UK economy set for second lowest growth in G7 – OECD
The UK economy is set to suffer the second lowest growth and second highest level of inflation in the G7, the OECD has predicted, in a damning set of forecast revisions for the Labour government and the Bank of England.
Growth in the UK will slow to around 0.7 per cent, according to the OECD, which stands for Organisation for Economic Co-operation and Development.
It is the second lowest rate among G7 countries – ahead of just Italy – and far behind the three per cent growth rate for the G20.
The slowdown in the UK economy will add to scrutiny on the government after ministers hailed having the fastest growth of any European country in the G7 in 2025.
Inflation is also set to hit the UK economy more than other countries, shooting up to four per cent this year. OECD economists revised forecasts up for price growth this year by 1.5 percentage points.
The US is the only country that could suffer from higher inflation this year, with its predicted rate to be 4.2 per cent.
The Paris-based think tank’s revision exposes the UK economy’s vulnerability to disruptions brought by President Trump and Prime Minister Netanyahu, and the Iranian’s regime war in the Middle East.
The blocking of the Strait of Hormuz has led to spiralling oil and gas prices, which have risen by around 70 per cent since the start of the war, while analysts have suggested that higher borrowing costs and a heavy tax burden has dampened confidence among businesses and consumers.
UK economy ‘weakened’ by Reeves
The prospect of spiralling energy costs are set to unnerve households and firms, with elevated levels of price sensitivity likely to keep inflation higher in the medium term.
But interest rates will not be hiked beyond the Bank of England’s 3.75 per cent rate this year, in stark contrast to market predictions set by traders.
Chancellor Rachel Reeves emphasised the UK had not started or joined the war in the Middle East but admitted it would “have an impact on our country”.
“In an uncertain world we have the right economic plan,” Reeves said. “The decisions we have taken have put us in a better position to protect the country’s finances and family finances from global instability.
“Our economic plan means going further to build a stronger, more secure economy.
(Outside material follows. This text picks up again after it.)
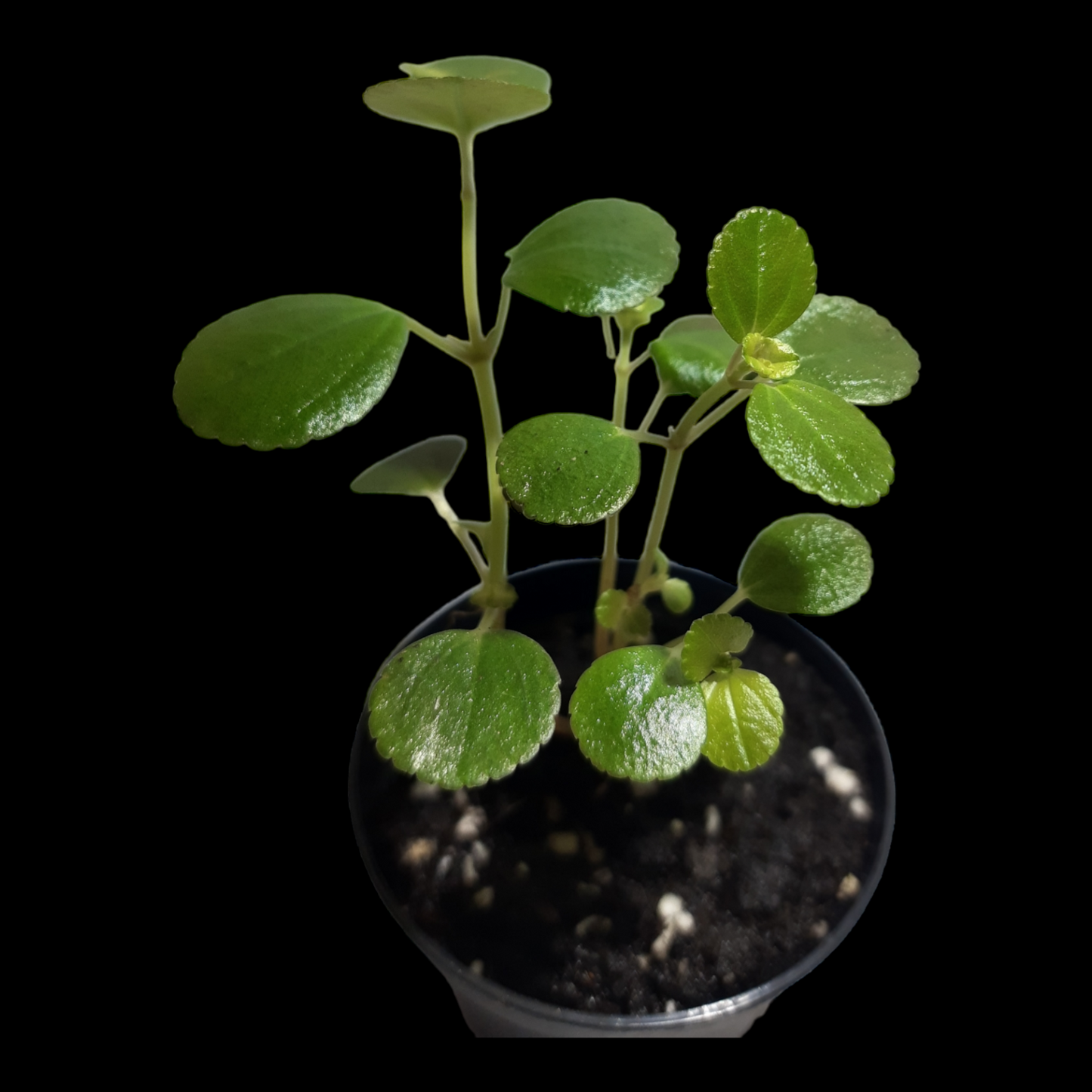 Pilea depressa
That means going further on our three big choices: empowering regional growth, embracing AI and innovation, and establishing a closer relationship with the EU.”
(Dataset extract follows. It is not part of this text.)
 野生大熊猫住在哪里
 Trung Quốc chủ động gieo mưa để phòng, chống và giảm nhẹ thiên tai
Shadow Chancellor Sir Mel Stride said the downgrade was a “damning verdict” on the Labour government.
“Rachel Reeves has ramped up borrowing, spending and taxes,” Stride said.
“As a result we have stagnant growth, while inflation, unemployment, the deficit and debt interest costs have all shot up. At the same time, Ed Miliband’s net zero obsession has left us reliant on imported energy instead of using our own supplies in the North Sea.
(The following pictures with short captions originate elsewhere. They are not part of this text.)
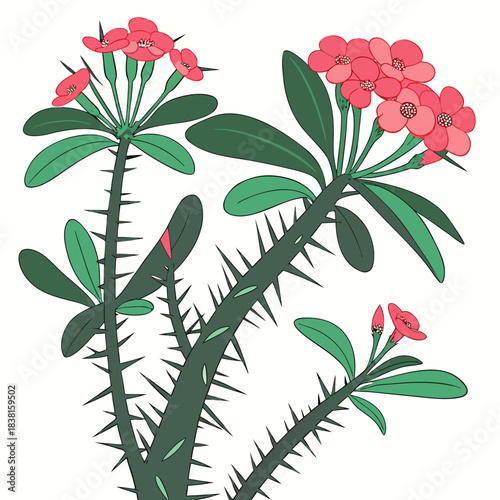 Bild auf Leinwand euphorbia milii pink on white background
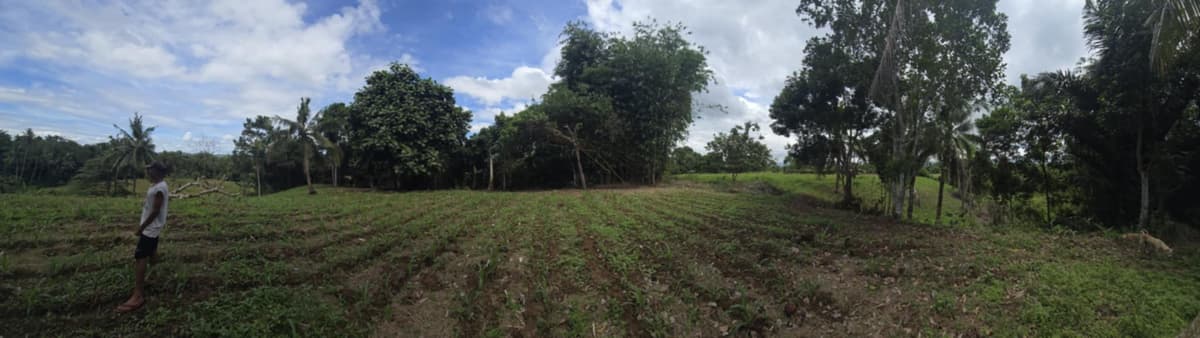 ORMOC FARM LOT FOR SALE - photo 5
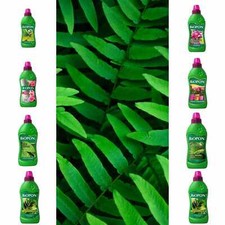 PLANT FOOD FERTILISER GREEN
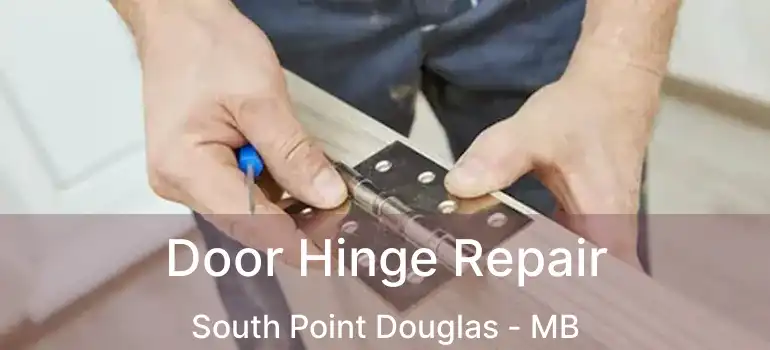  Door Hinge Repair South Point Douglas - MB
“Rachel Reeves can blame the world all she wants, but it’s her choices that have weakened our economy at the worst possible moment.”
OECD flags British vulnerabilities
OECD analysts also highlighted that the UK was “especially” affected by rising bond yields, which push up government borrowing costs.
The crumbling jobs market, and in particular falling numbers ofjob vacancies, was also flagged as a weakness particular to the UK.
The OECD projected growth to be 2.9 per cent across the world this year. The war is “testing the resilience” of the global economy while markets may be underestimating the damage the war will have on goods supplies, analysis suggested.
“Potential supply disruptions could be exacerbated by the current relatively low level of European gas reserves and the difficulties in exporting the vast majority of the world’s spare crude oil production capacity, which is primarily in Saudi Arabia,” the OECD’s latest report said.
“In addition to a further spike in prices, energy shortages could weigh on production activity in some economies, especially net energy importers.”